Preserve History
Ages ago, part of the 15,000-square-mile band of sandstone beneath this flat coastal part of Georgia was exposed by erosion. Combined with the roaring water of Rocky Creek, a tributary of the Ocmulgee River, and the steady effects of weathering, an environmental anomaly was created, a place where a network of fissures, cliffs and crevices stay cool and moist, juxtaposed with almost desert-like conditions on flat rocks above the fissures.
While this is enough to make Broxton Rocks a site worth seeing, there’s more. Plant life abounds, some not normally found in the coastal region and some growing in unusual ways. Green-fly orchids, for example, which grow on trees, adorn the rock walls at Broxton Rocks. Other rare plants found here include Pineland Barbara-buttons, yellow flytrap, hooded pitcher plant and wire-leaf dropseed.

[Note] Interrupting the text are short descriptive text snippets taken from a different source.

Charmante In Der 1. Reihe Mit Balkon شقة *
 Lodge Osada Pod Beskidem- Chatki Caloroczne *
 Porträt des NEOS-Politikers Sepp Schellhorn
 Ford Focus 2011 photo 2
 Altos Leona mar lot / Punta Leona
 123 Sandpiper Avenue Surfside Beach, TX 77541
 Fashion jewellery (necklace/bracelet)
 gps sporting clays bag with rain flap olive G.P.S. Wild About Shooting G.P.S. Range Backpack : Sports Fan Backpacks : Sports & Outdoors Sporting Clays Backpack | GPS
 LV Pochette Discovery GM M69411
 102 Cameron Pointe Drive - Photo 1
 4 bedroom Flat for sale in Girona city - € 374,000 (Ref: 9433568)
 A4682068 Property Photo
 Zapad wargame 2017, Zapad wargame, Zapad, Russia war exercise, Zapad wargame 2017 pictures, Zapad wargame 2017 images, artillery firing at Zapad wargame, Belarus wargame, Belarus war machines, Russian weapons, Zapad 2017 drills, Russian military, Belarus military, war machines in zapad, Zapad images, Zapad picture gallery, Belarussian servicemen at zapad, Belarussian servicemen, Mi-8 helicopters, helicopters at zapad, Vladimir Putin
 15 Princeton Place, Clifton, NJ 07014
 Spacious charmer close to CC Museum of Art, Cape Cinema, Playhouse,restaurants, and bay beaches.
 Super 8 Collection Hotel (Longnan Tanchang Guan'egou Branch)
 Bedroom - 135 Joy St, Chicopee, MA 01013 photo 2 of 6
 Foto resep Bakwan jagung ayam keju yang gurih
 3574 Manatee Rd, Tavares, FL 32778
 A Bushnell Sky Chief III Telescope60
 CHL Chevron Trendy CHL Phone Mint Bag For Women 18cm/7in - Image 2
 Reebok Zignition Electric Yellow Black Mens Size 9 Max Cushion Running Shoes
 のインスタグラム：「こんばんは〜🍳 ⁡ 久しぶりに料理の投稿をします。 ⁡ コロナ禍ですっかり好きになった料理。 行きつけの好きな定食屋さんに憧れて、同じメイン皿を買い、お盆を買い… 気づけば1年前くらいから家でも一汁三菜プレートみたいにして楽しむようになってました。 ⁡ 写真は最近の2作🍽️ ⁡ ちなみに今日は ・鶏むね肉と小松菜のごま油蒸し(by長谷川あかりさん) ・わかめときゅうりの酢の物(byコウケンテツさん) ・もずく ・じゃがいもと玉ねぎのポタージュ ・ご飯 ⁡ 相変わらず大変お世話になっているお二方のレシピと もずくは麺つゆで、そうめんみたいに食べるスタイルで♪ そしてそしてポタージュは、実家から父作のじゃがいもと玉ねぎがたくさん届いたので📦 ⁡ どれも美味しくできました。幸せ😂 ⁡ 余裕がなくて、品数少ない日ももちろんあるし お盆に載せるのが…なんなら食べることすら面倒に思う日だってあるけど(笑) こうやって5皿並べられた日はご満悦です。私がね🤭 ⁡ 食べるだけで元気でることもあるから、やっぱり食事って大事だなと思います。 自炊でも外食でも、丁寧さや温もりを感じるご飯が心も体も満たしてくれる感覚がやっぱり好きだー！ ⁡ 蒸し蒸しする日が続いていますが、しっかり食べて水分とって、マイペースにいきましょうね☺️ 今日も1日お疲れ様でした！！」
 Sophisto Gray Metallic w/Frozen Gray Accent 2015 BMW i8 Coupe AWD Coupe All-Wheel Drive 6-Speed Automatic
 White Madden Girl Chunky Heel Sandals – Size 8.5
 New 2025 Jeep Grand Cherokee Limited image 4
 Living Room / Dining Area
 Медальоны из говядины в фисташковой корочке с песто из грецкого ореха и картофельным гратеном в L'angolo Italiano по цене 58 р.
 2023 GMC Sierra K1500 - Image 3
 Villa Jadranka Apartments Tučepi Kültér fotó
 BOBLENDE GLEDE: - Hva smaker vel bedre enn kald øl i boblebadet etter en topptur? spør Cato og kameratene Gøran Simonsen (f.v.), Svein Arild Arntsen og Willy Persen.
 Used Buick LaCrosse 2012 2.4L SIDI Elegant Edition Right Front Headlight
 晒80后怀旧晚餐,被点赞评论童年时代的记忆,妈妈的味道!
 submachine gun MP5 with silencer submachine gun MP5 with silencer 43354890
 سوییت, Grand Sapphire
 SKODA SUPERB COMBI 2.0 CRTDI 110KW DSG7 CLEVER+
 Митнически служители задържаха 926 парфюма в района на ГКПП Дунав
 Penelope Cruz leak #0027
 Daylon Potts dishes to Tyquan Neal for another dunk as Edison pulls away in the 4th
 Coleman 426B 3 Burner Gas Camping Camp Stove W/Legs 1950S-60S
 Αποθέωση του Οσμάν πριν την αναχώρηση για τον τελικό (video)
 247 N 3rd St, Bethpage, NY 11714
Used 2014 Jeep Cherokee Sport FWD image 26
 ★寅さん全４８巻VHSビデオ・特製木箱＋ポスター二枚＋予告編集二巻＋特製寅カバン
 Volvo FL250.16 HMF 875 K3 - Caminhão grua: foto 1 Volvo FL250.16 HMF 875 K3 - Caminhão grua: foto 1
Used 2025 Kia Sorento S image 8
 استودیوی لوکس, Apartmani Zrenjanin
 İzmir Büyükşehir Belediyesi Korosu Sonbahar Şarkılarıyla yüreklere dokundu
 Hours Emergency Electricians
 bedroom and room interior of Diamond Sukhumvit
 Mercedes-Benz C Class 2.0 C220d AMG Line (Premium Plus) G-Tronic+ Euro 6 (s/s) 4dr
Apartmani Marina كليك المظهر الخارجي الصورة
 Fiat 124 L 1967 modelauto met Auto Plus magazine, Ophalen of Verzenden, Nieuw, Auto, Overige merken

The preserve has been an important site for as long as people have inhabited the area. Evidence of Paleo-Indian people and early European settlers have been found here, and even today Broxton Rocks is a special place to local residents, who carry on a century-old Easter Sunday tradition here, often referred to as the “falling waters.”
TNC’s Impact
Management at Broxton Rocks includes controlled burns in the winter, spring and early summer, critical to maintaining natural plant and animal communities. We plant longleaf pines, wiregrass and other native herbs to restore natural diversity. The forest area along the trail is being restored to longleaf pine and wiregrass. Our long-term vision is to see most of Broxton Rocks entirely in natural, mature pine woodland by the middle of the 21st century.